Berhasil mendapatkan beasiswa tahun ke-2 Konoha International High School, sebuah sekolah dengan mayoritas anak-anak konglomerat dan berjabat.

"Ada yang ingin bertanya tentang Haruno?" tanya guru tegap berambut silver. Suaranya tidak terdengar jelas karena masker yang ia kenakan.

"Apa cita-citamu?"

Sakura mengangkat wajahnya, melihat siapa yang bertanya tadi. Mendadak wajahnya memerah, ia gugup. Namun seberusaha mungkin untuk menjawab pertanyaan itu. "Aku ingin menjadi orang yang berhasil membahagiakan kedua orang tuaku." Wajahnya tersenyum.

Serentak seluruh murid di kelas itu tertawa. "Kupikir dia ingin menjadi bussiness women termuda!"

Sakura melirik gadis berambut pirang berekor kuda, senyumnya kian menghilang. "Cita-cita macam apa itu?"

BUK BUK.

"Ada yang ingin bertanya lagi?" dan tidak ada yang menjawab. "Baik, Haruno. Hanya ada satu bangku tersisa di belakang. Kau boleh duduk di sana."

Sakura mengangguk.

.oOo.

"Jadi namamu, Sakura?"

"Iya. Namamu?"

Gadis blonde itu mendelik, "Kau tidak lihat badge name di seragamku?"

"Aku melihatnya, tapi akan lebih baik jika aku bertanya padamu langsung." Sakura yang lugu tetap saja menanggapinya dengan ramah.

"Kau aneh."

"Nama Sakura itu cukup kuno, sih. Tapi wajahmu lumayan." Kiba menyapanya. Sakura tetap saja tulus tersenyum.

"Lalu apa pekerjaan orang tuamu?" tanya Shino.

"Mungkin dia anak perdana menteri Tenno. Namanya saja biasa begitu."

Sakura menggeleng, "Ayah dan ibuku adalah pedagang. Mereka menjual ikan, sayur dan buah."

Sekumpulan anak-anak yang ramai itu mulai terdiam sambil menaikkan sebelah alisnya. Tak lama kemudian ledakan tawa memenuhi isi ruangan, mengundang anak laki-laki berambut pirang itu datang. "Ada apa?"

"Orang tuanya pedagang ikan, Naruto! Hahaha." Ino tertawa sejadi-jadinya. Sedangkan Sakura malah memandang fokus laki-laki yang ada dihadapannya. Semburat merah meronai pipinya. Bukan karena malu, tapi laki-laki itu.

.oOo.

"Aku pulang." Tubuhku benar-benar lelah sekali. Perjalanan sangat jauh yang harus ku tempuh.

"Selamat datang. Kau baik-baik saja, Sakura?" Mebuki menyambutnya, sedangkan Kizashi masih melayani pembeli.

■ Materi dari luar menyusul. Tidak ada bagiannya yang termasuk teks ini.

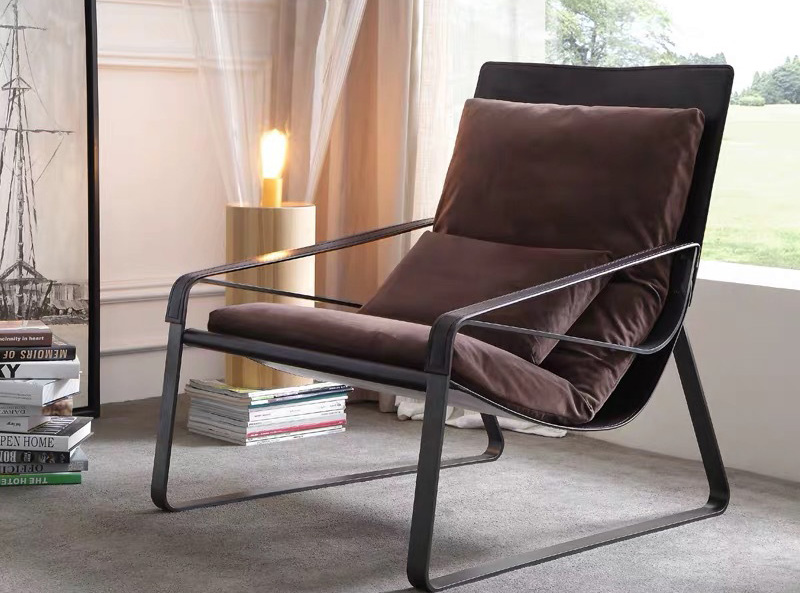 意式風(fēng)格單人沙發(fā) 北歐設(shè)客廳休閑椅子躺椅絨布座包老虎椅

"Ya aku baik." Aku memaksa untuk tersenyum, tentu saja aku tidak baik-baik saja. Terutama ketika orang-orang mentertawai orang tuaku.

"Padahal bunga sakura sedang mekar, tahun ini anak ayah tidak terlihat lebih ceria seperti biasanya."

"A-ayah..."

"Ayo makan dulu, Sakura."

Aku tidak peduli dengan anak-anak orang kaya di sekolahku sekarang. Aku punya sesuatu yang lebih berharga daripada mereka. Kehidupanku, dan kedua orang tuaku.


To be Continued...

.oOo.

Aku bersumpah, aku harus menempuh perjalanan jauh. Sekolahku berada di tengah pemukiman orang-orang elit. Dari stasiun aku bahkan harus berjalan kaki. Tidak ada kendaraan ataupun bus sekolah. Aku berharap ini Amerika, seperti yang ada di film-film.

Aku terus berlari mengejar waktu, ini benar-benar jauh. Apa seharusnya aku menggunakan sepeda saja?

Mataku beralih ke mobil-mobil sedan mewah yang melewati tubuhku. Aku yakin mereka menuju ke sekolah. Aku sangat berharap mereka akan berhenti untuk sekedar menawari ku bersama mungkin?

Tiba-tiba saja salah satu mobil itu lewat, ia membuka jendelanya. Do'aku terkabul?

"Hei, Haruno! Semangat ya!"

"I-Ino? B-bolehkah a-aku―"

Benar saja ia segera menutup jendelanya. Aku menunduk.

Aku janji, aku janji. Aku akan bangun lebih awal lagi agar tidak telat seperti ini.